Reaction as Manchester United slumped to defeat in their third Premier League game of the season.
Looking at the bare statistics of the game, United deserved something from their encounter with Crystal Palace, but the truth is supporters have seen this much too often for it to be dismissed as unlucky.
Over 70% of the ball and more than twenty attempts on goal suggests the issue is to do with quality, which is a worrying conclusion to make over what is ostensibly the most promising part of United’s squad.
United played Rashford, Martial, James, Lingard and, for a prolonged period in the second half, Greenwood, all of the players they will be counting on for the majority of this season, at least until January. It can be reasonably argued that Ole Gunnar Solskjaer’s team did enough to fashion a positive result but the end result is they didn’t, and the purpose of reactions like this is to consider why.

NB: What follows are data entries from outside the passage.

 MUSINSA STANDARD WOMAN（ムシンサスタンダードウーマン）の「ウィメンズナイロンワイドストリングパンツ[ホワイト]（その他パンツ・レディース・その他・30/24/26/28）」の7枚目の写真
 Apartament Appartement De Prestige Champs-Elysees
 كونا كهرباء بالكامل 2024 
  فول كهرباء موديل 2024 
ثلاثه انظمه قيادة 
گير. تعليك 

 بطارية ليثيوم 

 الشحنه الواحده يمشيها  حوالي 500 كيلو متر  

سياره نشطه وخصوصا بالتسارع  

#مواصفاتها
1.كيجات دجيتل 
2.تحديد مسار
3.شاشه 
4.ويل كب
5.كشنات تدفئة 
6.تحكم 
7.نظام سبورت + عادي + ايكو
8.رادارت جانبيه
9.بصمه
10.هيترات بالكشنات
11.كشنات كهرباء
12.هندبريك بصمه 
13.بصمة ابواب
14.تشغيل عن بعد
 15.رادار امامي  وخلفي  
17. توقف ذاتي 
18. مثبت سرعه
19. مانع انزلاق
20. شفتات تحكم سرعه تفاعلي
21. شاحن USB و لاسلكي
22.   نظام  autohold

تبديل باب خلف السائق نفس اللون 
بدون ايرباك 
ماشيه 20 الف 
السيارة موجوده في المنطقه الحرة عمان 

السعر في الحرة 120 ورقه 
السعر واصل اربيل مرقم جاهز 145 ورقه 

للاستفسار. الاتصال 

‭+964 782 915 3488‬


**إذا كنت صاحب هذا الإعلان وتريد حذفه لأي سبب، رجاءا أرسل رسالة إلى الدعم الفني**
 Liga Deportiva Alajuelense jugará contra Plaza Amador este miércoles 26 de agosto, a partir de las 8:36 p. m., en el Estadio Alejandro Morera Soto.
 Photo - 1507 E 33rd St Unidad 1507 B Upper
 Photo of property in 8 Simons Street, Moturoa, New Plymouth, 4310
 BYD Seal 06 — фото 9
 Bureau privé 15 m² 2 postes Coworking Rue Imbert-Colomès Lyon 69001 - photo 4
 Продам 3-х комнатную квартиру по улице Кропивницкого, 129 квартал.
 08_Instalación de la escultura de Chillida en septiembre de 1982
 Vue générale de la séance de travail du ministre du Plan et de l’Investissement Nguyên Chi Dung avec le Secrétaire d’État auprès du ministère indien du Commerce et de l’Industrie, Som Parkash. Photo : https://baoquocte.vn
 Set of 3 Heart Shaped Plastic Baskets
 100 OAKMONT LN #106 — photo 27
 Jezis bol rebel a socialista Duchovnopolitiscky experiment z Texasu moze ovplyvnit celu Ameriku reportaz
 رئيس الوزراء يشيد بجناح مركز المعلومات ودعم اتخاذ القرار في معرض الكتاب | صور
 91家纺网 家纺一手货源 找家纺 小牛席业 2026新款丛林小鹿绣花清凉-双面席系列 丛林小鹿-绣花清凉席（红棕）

There isn’t enough consistency in the front line and the secondary concern is that there isn’t enough quality. United have invested heavily in new contracts for Rashford and Martial and it remains to be seen whether either of them are capable of delivering consistently.
The performance exposed many of the problems United currently struggle with. David De Gea was beaten too easily at his near post. Luke Shaw’s injury and replacement by Ashley Young said all you need to know about how the transfer window was underwhelming. There are further specific instances which I will touch on in a moment but it was another game where Pogba was hit and miss — he now at least appears to have concentrated those levels of inconsistency into ninety minute portions, where one outrageously positive moment can come from an otherwise distinctly poor overall performance.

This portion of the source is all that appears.